Self-Definition
I didn’t ask to be born into a Jewish family, but I did invite a certain amount of guilt into my life when:
- I became a Software Engineer out of college and later a Consultant, two jobs that not only didn’t exist 50 years ago but couldn’t have. I get the sense that my relatives assume that I’m always on the verge of financial ruin because I can’t explain to them what I do for a living in less than 3 words and it’s considered normal for me to lose my job once per calendar year.
- I moved from the suburbs to the heart of Downtown Cleveland, which to them is tantamount in safety to living on a bus in the Gaza Strip.
Their disappointment is palpable, and it doesn’t take a body language expert to discern as much. In reality, I’m far better off now than I was before I became a consultant, but it’s up to me to figure out why that translates to reactions that stop just short of “Ryan, why do you hate your family?”

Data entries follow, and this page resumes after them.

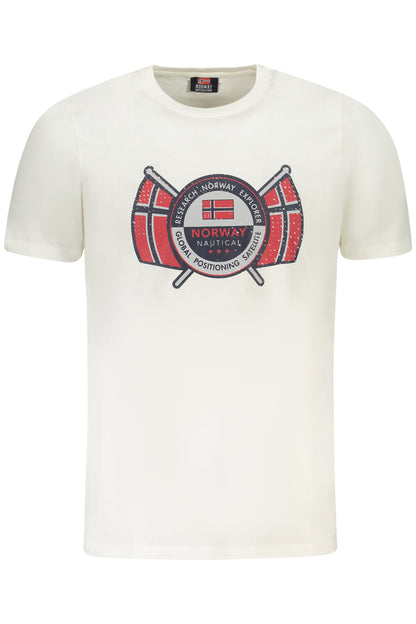 NORWAY 1963 T-SHIRT MANICHE CORTE UOMO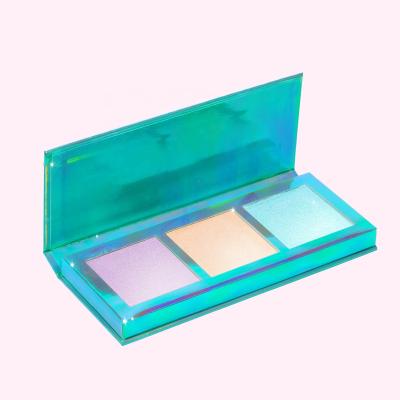 China Wholesale Waterproof Halal Certificate Duochrome Pigments Highlighter Makeup Highlighter Bar for sale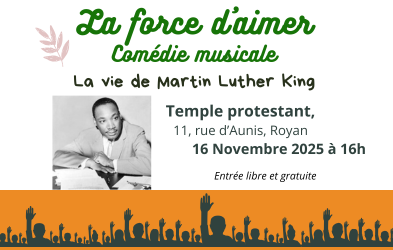 La Force d’Aimer : Une comédie musicale du consistoire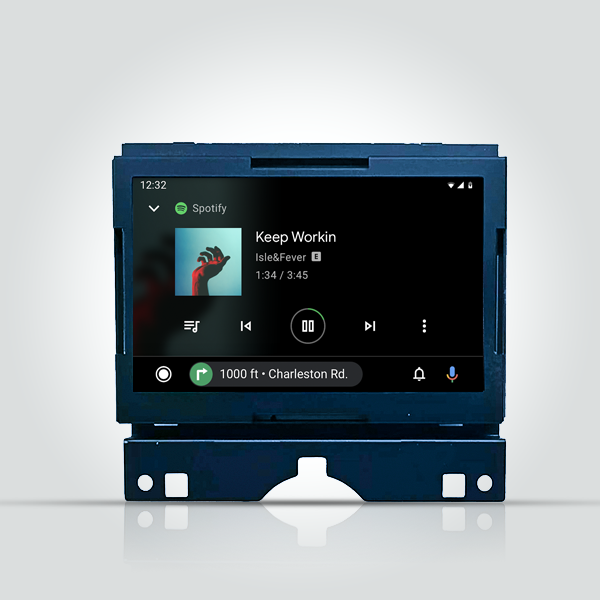 Land Rover 2009 - 2013 7 Inch Android Navigation Radio Touch Screen 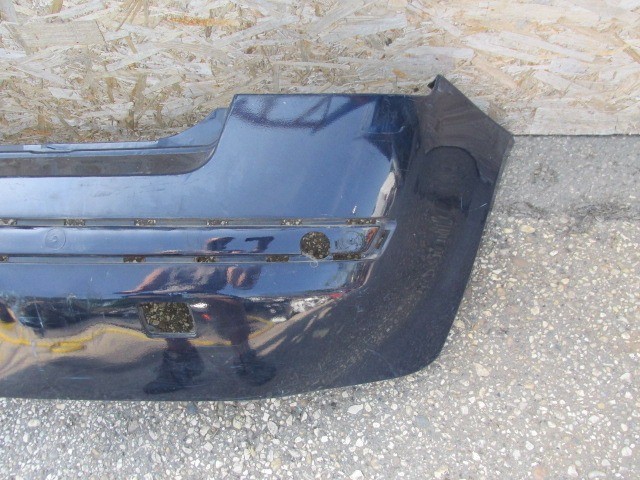 94138 Fiat Stilo 2003-2007 5 ajtós, indigókék színű hátsó lökhárító , a képen látható sérüléssel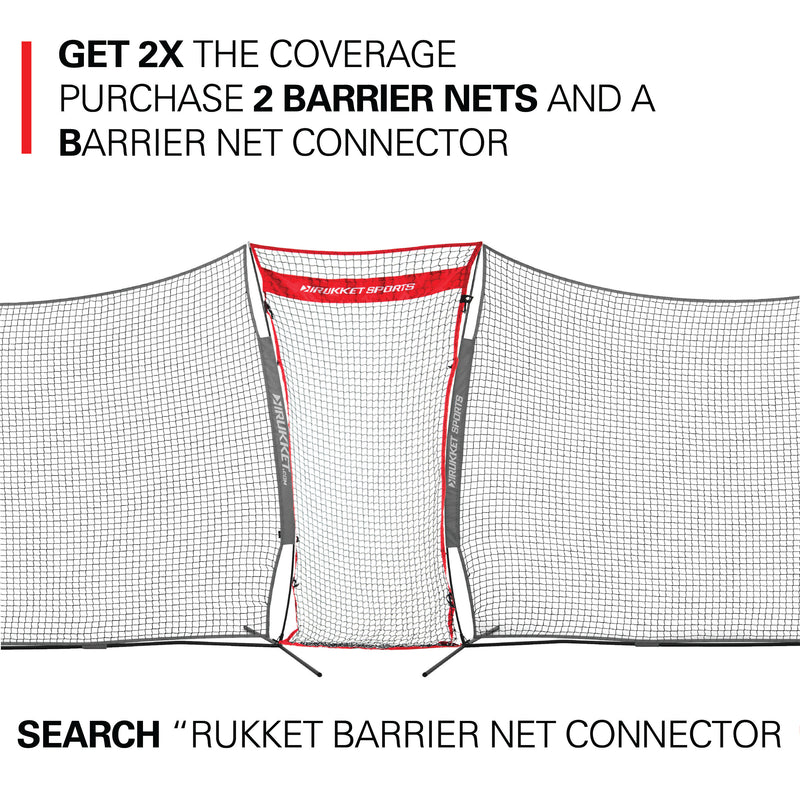 16x10 Multi-Sport Barrier Net XL | Rukket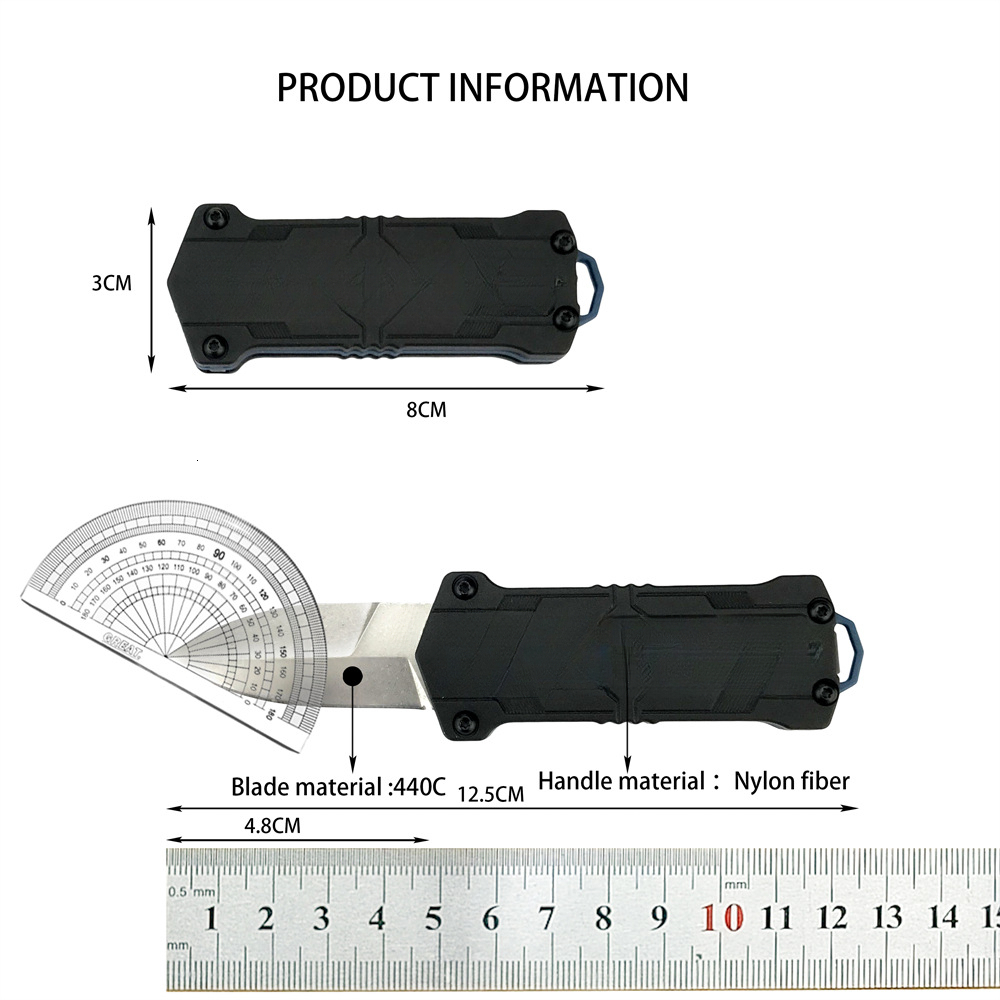 High Quality KS 1190 Multipurpose Folding Knife Portable Outdoor Adventure Pocket Knife Survival Camping Knife 8Cr13Mov Blade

I’m beginning to understand that part of being a knowledge worker (and an adult, for that matter) in the 21st century is having the courage to disappoint people who care about you, especially when that disappointment is borne out of generational misunderstandings. Because let’s be real: We’re playing a completely different game than our parents were. Time was, you could describe what you did for a living in a word or two, and most of the time people could probably tell that anyway just by looking at the clothes you were wearing.
Not anymore though.
“What do you do for a living?”
“I’m a Software Engineer.”
“No, but what do you do for a living?”
“I do a different thing depending on where I work. Companies hire me to solve problems for them.”
“No but what do you do?”
“I, uh, make computers do things.”
“Want to come over this weekend and figure out why my Yahoo! Toolbar is crashing my Internet Explorer?”
It’s hard explaining to people living fruitfully off of their 401Ks, pensions, and Social Security that you’ve chosen your career path in part because those things are no longer a promise. It’s even harder explaining that you’ve chosen your career path because you’ve become seriously bored at every full time job you’ve ever had after about a year anyway.
That sort of stuff is hard to explain, but explaining it is now part of my job description, like it or not. Similarly, it’s also a part of my job (as a member of a family) to allay their concerns, misguided or otherwise. That’s something that can only come with time. Maybe—hopefully—in five or six more years, when I still haven’t starved to death and sold the shirt off my back, they’ll see that I was on to something.
Truth be told, I’m still figuring out what that something is myself.